Whenever I read a headline or subtitle along the lines of one that got my attention over the weekend, I assume there's more to the story than meets the eye. "Professor says Energy Department ‘egos’ blocking hydrogen breakthrough". Shocking, if true. A professor at Purdue University has developed a process for producing hydrogen from aluminum and water, thereby avoiding many of the obstacles that stand in the way of widespread adoption of hydrogen as a clean transportation fuel. He even seems to realize that economics might determine whether his system can replace gasoline, at least in terms of the relative costs of aluminum and petroleum products at the pump. Unfortunately, if he has considered larger issues, such as creating an entire infrastructure for delivering what would eventually be over a billion tons of aluminum per year to service stations, or whether there might be a better use for the zero-emission electricity necessary to recycle the resulting aluminum oxide back into metal and ship it around the country for re-use in making zero-emission hydrogen, it isn't apparent from this MSNBC article.
Professor Woodall is certainly correct that producing, storing and delivering large quantities of hydrogen are key challenges on the way to a hydrogen economy for transportation. However, he is hardly the first person to have considered using metals or alloys for storing or generating hydrogen or other energy carriers onboard vehicles. In combination with a hydrogen fuel cell, his system is comparable to the Zinc-air "fuel cell" or battery, which generates onboard electricity from metallic zinc pellets and then recycles them at a central location. That concept seems somewhat further advanced, but it is not yet commercial, either.
All these approaches run afoul of a problem common to hydrogen and other alternative fuels that are energy carriers, but not energy sources. The closed loop of aluminum metal/aluminum oxide/aluminum metal that Professor Woodall is proposing needs an external energy source.

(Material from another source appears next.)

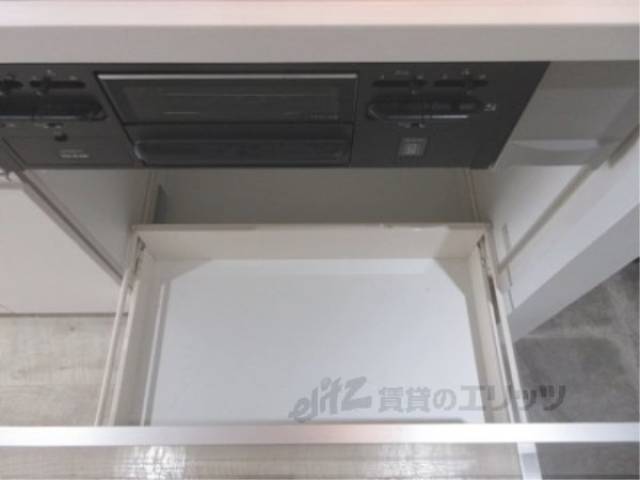 キッチン　収納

In fact, the laws of Thermodynamics require that the energy necessary to turn the oxide back into metal must be greater than the energy that can be captured from putting the resulting hydrogen into a fuel cell. In order for this system to work, we must have either large numbers of new, non-polluting power plants, or burn additional fuel in the spare off-peak capacity of existing coal or natural gas-fired power plants, with resulting emissions. It might still be worth doing, if the overall system efficiency--including the enormous energy cost of retrieving and transporting all that aluminum--and emissions were better than fueling cars with natural gas directly, or with ethanol derived in large part from natural gas and coal, or using the electricity to recharge the batteries of plug-in hybrids or EVs. It would not be worth doing if the hydrogen were burned in internal combustion engines, as I've explained previously.
What I find distinctly unhelpful here is the professor's apparent attitude. The world is full of engineers so convinced of the logic and beauty of their ideas, that they cannot grasp that there might be some perfectly good reason why the rest of the world doesn't see things their way. My wife can attest that I occasionally fall into that trap myself. But if there was ever a "better mousetrap" season for good energy ideas, this is it. Since the idea has been taken up by a startup company, their success, rather than the queue for DOE funding, ought to be the acid test of the practicality of the professor's invention. If aluminum pellets are a viable competitor for gasoline, savvy investors will figure that out before the rest of us even hear about it.